◆ ACTION ITEM ◆
Repeat exactly, and only, the lines below starting at the line that contains "Porsche Cayenne Coupé" and ending at the line that contains "煎牛肉火锅-海之乡日本料理铁板烧(星海店)", inclusive of both.

◆ RECORDS SUPPLIED ◆
------

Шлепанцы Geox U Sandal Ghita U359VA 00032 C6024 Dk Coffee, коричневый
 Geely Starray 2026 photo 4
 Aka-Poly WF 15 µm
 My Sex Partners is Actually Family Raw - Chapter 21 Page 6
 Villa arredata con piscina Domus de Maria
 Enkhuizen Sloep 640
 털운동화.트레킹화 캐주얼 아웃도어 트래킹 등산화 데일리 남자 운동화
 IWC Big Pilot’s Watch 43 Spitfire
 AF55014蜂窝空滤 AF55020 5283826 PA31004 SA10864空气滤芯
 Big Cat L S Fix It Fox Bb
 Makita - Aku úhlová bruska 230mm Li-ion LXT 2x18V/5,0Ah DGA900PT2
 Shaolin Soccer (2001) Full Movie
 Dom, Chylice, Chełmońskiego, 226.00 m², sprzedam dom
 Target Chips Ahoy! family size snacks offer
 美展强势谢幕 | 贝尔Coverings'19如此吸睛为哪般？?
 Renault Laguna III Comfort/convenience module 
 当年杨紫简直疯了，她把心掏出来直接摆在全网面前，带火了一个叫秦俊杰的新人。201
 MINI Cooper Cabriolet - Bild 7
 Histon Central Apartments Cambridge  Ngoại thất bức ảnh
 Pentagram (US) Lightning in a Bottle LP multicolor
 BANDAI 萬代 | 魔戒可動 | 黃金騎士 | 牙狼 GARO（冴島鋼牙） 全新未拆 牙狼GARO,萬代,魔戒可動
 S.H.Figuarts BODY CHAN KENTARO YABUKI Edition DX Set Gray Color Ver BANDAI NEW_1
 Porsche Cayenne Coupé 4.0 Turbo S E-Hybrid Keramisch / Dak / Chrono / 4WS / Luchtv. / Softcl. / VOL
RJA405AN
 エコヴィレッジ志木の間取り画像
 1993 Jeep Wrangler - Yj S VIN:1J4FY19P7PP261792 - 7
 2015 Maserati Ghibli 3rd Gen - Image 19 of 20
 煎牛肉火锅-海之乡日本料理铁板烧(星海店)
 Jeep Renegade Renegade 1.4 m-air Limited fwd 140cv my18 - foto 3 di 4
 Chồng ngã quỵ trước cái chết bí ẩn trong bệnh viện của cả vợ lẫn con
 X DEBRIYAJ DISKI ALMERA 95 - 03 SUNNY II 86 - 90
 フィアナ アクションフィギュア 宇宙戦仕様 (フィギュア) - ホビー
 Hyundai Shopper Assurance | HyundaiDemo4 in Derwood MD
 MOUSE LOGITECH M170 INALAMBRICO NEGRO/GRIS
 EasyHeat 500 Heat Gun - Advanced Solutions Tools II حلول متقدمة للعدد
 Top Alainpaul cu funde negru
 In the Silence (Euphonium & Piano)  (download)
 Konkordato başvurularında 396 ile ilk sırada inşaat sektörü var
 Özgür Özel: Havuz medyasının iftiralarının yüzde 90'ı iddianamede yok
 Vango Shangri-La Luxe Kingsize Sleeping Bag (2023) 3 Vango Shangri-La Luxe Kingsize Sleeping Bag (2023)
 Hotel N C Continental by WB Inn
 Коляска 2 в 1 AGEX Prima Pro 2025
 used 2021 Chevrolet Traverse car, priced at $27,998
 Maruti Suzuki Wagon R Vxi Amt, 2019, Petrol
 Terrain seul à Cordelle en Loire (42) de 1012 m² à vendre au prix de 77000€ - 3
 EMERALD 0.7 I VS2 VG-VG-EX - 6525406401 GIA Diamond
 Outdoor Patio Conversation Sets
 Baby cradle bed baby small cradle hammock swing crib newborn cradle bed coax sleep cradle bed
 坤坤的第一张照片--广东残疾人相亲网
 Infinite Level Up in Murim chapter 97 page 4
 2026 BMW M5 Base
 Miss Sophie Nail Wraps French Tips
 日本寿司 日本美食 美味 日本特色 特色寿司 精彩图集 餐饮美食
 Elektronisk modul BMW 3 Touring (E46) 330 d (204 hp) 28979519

------

◆ RESULT BELOW ◆
 Porsche Cayenne Coupé 4.0 Turbo S E-Hybrid Keramisch / Dak / Chrono / 4WS / Luchtv. / Softcl. / VOL
RJA405AN
 エコヴィレッジ志木の間取り画像
 1993 Jeep Wrangler - Yj S VIN:1J4FY19P7PP261792 - 7
 2015 Maserati Ghibli 3rd Gen - Image 19 of 20
 煎牛肉火锅-海之乡日本料理铁板烧(星海店)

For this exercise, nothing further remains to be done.